# Task objective
Nothing but the lines from the start of the records through the line that contains "Family House, 1 Queen Bed" is to be copied, and each is to be copied exactly.

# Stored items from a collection
◆ ◆ ◆

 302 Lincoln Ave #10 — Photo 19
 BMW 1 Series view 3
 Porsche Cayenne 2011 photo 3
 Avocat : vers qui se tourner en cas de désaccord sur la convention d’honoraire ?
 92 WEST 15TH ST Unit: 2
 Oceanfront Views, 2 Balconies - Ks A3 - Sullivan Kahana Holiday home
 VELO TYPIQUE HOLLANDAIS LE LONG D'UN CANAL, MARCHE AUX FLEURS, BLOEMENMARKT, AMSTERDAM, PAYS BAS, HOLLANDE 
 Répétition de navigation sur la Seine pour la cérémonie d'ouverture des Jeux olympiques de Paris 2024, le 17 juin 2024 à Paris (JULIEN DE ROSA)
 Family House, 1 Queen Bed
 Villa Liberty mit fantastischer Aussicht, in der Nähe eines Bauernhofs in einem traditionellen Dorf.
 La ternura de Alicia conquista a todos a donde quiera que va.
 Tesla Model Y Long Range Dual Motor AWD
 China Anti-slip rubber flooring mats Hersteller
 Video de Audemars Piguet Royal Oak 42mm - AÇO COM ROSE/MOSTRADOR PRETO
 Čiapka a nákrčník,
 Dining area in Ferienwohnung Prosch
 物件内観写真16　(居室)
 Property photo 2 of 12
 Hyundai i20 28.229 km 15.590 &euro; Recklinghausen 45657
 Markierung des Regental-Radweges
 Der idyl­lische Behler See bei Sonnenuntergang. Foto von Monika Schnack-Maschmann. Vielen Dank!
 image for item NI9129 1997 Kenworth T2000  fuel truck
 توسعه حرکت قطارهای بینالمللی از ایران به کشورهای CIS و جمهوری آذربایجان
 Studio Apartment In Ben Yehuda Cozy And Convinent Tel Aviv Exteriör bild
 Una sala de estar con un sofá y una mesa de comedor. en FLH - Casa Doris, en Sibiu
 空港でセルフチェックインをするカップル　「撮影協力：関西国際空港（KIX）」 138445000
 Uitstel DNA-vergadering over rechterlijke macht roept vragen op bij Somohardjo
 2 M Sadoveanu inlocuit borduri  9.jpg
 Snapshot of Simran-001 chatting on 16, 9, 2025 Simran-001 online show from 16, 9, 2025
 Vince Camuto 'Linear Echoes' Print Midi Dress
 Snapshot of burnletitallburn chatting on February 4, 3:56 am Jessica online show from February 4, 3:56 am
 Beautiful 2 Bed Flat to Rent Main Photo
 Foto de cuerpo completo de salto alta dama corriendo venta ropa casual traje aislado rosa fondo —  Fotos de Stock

◆ ◆ ◆

# Reply
 302 Lincoln Ave #10 — Photo 19
 BMW 1 Series view 3
 Porsche Cayenne 2011 photo 3
 Avocat : vers qui se tourner en cas de désaccord sur la convention d’honoraire ?
 92 WEST 15TH ST Unit: 2
 Oceanfront Views, 2 Balconies - Ks A3 - Sullivan Kahana Holiday home
 VELO TYPIQUE HOLLANDAIS LE LONG D'UN CANAL, MARCHE AUX FLEURS, BLOEMENMARKT, AMSTERDAM, PAYS BAS, HOLLANDE 
 Répétition de navigation sur la Seine pour la cérémonie d'ouverture des Jeux olympiques de Paris 2024, le 17 juin 2024 à Paris (JULIEN DE ROSA)
 Family House, 1 Queen Bed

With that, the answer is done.